Como ensino filosofia? # 16 - Sobre ouvir música



Sobre ouvir música


  Se eu tivesse na escola minha própria “sala de filosofia”, onde recebesse todas as minhas turmas para as aulas, então certamente eu teria lá um toca-discos. Aí meus alunos poderiam vivenciar a experiência completa de ouvir o álbum de um artista ou de uma banda: enquanto os ouvidos acompanham a música, as mãos e os olhos investigam a capa do disco, o encarte e as letras. Uma atenção maior talvez revele o ano da obra e outros detalhes técnicos da gravação; algo muito diferente de simplesmente baixar todas as músicas de seu artista preferido em mp3.

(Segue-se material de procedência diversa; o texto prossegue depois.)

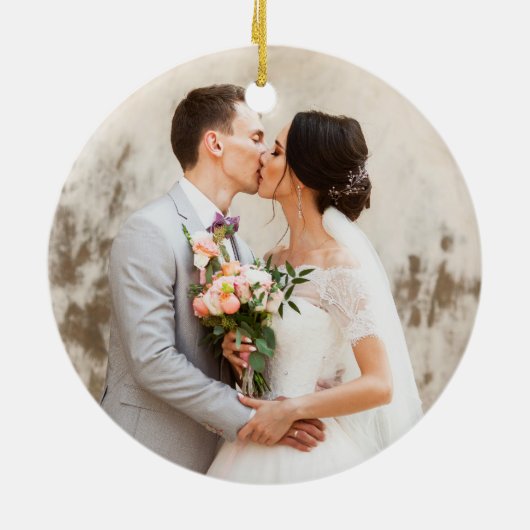 Elegantes Gold Script Unser erstes Weihnachts-2-Fo Keramik Ornament (Hinten)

   Mas de volta do sonho para a realidade das salas de aula, apesar do potencial das músicas como conteúdo para o ensino de filosofia, foi necessário um esforço considerável para vencer as dificuldades envolvidas em apresentar uma música para meus alunos. Como eu disse no vídeo, conseguir a atenção e o silêncio de uma turma inteira a ponto de apreender a letra de uma música não é tarefa fácil!

   Uma das formas mais comuns de fazer isso é realmente trazer a música para o centro da atividade e fazer com que os alunos copiem a letra no quadro, tocando a canção (antes de depois). Isso funciona, mas é um processo demorado, principalmente se a letra for grande. O trabalho de copiar uma letra de música inteira no caderno é um pouco entediante e pode, por si só, já trazer certa antipatia com relação à canção. Além disso, tal estratégia requer um trabalho forte de contextualização: afinal, por que copiar a letra de uma música no caderno tem a ver com o conteúdo que está sendo estudado? Esta é uma pergunta que todo aluno irá se fazer, de modo que é preciso avaliar se a relação entre o conteúdo da música e o que se pretende ensinar é de fato tão marcante.

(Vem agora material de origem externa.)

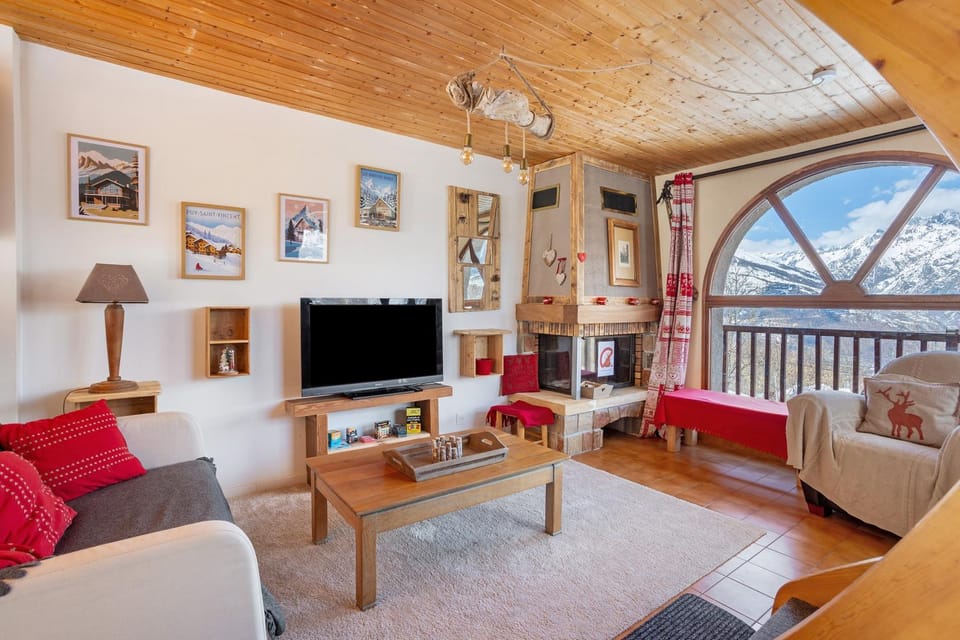Property building, Living room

   No meus caso, muitas vezes o recurso à letra de músicas é uma coisa feita de passagem, como apoio à argumentação que vou desenvolvendo para explicar a matéria. Por exemplo, a letra da música Cérebro eletrônico (https://www.youtube.com/watch?v=JFAHDYEMHEE) já me ajudou a ilustrar diferentes questões, como as críticas à perspectiva mecanicista ou a disputa entre inteligência humana e inteligência artificial. E sempre que acabamos entrando em tema ligados à discriminação racial trago o início de Etnia (https://www.youtube.com/watch?v=r49G6PXBhQY). 

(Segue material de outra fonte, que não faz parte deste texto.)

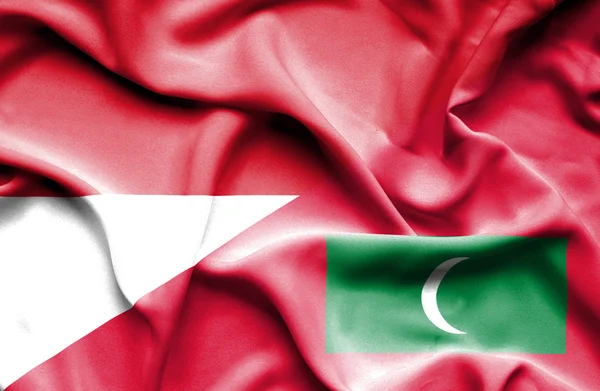 Размахивая флагом Мальдив и Индонезии — стоковое фото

  E como fazer isso aproveitando aquele momento único em que o tema surge e o conteúdo é oportuno? Cantando! Os alunos sempre acham graça quando faço a caneta de microfone e vou andando pela sala cantando uma música que geralmente eles nunca viram. Uns reclamam como eu canto mal, ouros ficam atônitos com a canção surgindo inesperadamente em meio ao discurso. De um jeito ou de outro, quase sempre é engraçado. Mas confesso que este é um recurso que usei bastante no início da carreira (de professor, não de cantor!) e que tem diminuído ao longo do tempo, porque cansa demais a garganta e, ao final de um dia inteiro de aula o custo sai alto.

   Conforme indiquei no vídeo, a forma mais bem sucedida que encontrei para trabalhar uma música foi tocando-a duas vezes com o auxílio do recurso audiovisual, uma primeira vez só a música e a segunda uma versão com a legenda da letra. Segue uma breve descrição de um trabalho que considerei o mais bem sucedido com o uso de uma música até agora. Trata-se de uma atividade de interpretação da música O pulso, dos Titãs (1989), feita com as turmas de primeiro ano do ensino médio.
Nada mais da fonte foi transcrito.